De-ionized water EXISTS ONLY IN A LAB. Water self ionizes. If you do not take steps to keep water de-ionized, you will not have de-ionized water. You have NEVER, EVER had de-ionized water coming from your tap or in a water bottle. And you're a fool if you're drinking water at the lab. Pure water, with extraneous Na+, K+, Ca2+ etc ions removed, is PERFECTLY SAFE to drink, provided you don't drink enough that you dilute the ions in your body to a dangerous level.

Please try to at least learn something about what you try to argue about.
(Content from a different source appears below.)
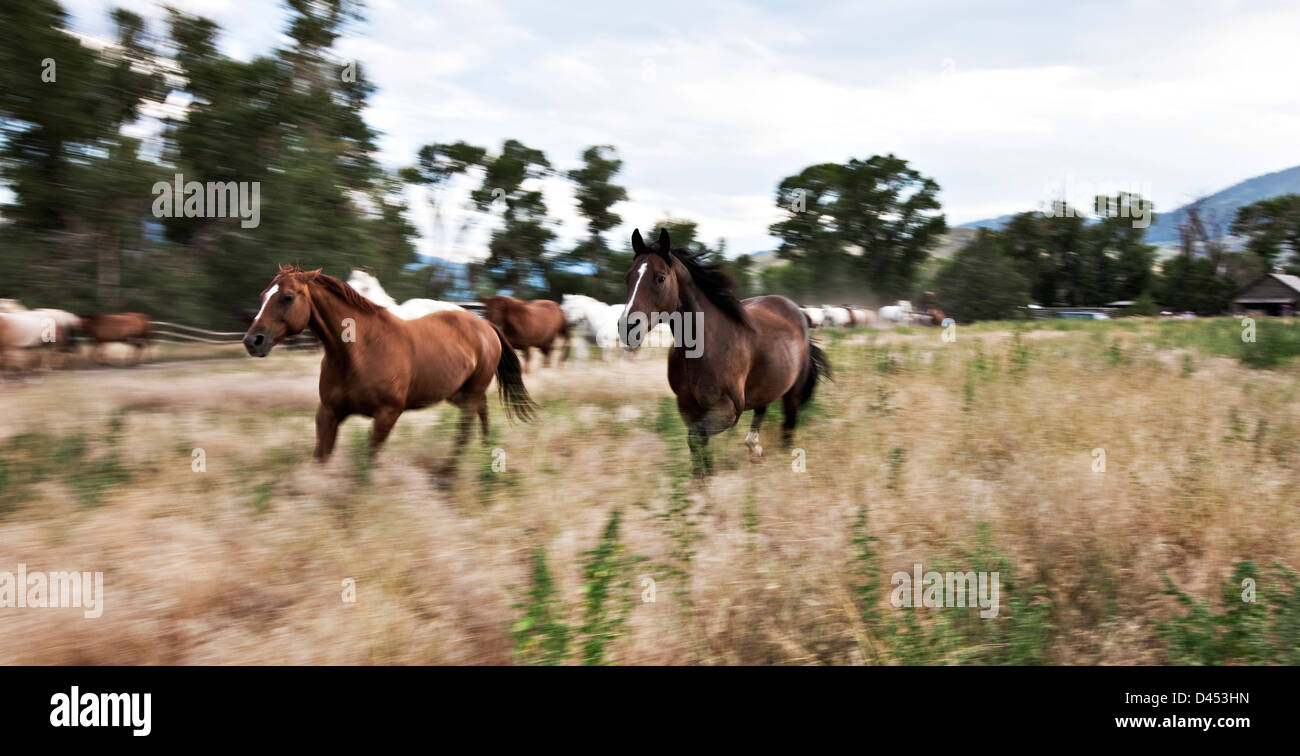 Horses being let out to pasture on ranch in Montana, USA Stock Photo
Comment Why autopilot (Score 1) 569

Why do people want to use autopilot in the first place?

Numerous reasons.
1) Physical comfort to start. I use cruise control in my car to relieve my leg from having to be fixed in a position for an extended period of time. It can get quite uncomfortable. Discomfort can lead to distraction and distraction can lead to accidents. (insert yoda joke here)
2) Autopilot also can be useful as a safety measure precisely because people's attention routinely waivers. Computers don't get distracted as easily as we do. I challenge you to find a driver who has never accidentally veered out of their lane while distracted or had to perform an emergency stop because of some condition they failed to notice ahead. Autopilot can help ensure these situation occur less often.
3) We lack the technology to fully automate driving but we have technology to prevent some types of accidents. We put ABS and traction control and air bags, and seat belts and other technology on cars to improve safety. Technology that keeps you marginally safer is a good thing. If autopilot can prevent more accidents than would happen without it then it is a good thing to have. We're looking for a net benefit.
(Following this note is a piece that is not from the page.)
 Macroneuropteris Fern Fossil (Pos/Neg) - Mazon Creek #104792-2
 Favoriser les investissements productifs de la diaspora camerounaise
Comment Emotion and judges (Score 1) 569

Judges don't deal in emotions like a jury does.

HA! If you really believe that you need to educate yourself about judges. They're just as human and subject to emotion as anyone else. The entire reason we have juries in the first place is precisely because judges are prone to emotion and irrationality and error and bias.

Comment Regulations are written in blood (Score 1) 569

Yes, this is an extremely common use case. Tesla will likely fix it. But it does suggest that they have not put the appropriate thought into the thousands of less common use cases that will creep up when this product gets into the hands of more people.

I've said it before but I'll say it again. This is a case of "Regulations are written in blood" in the sense that there will be a human cost involved in figuring out what works and what doesn't and fixing it so it doesn't happen again. Automated driving technologies are going to cost some number of lives and injuries to develop. I don't know how many, I just know the number will be greater than zero. There will be innumerable corner cases to work out before the technology meets its full potential and we will only learn about some of these by someone getting injured.

People bitch about regulations but they tend to forget the human cost that led to the regulation in the first place. New technologies rarely come without a human cost involved. Even something as seemingly innocuous as text messaging has resulted in fatalities because we didn't fully anticipate the degree of distraction it caused to drivers.

Comment Regulations (Score 3, Informative) 171

Tap water regulations are usually very strict.

Unless you live in Flint Michigan...

But once you bottle the water it becomes food, and food can contain pretty much anything.

Not even remotely true but thanks for trying. While there is (unfortunately) a lot of wiggle room, food production, marketing, and sales is actually pretty heavily regulated by the FDA and USDA among others.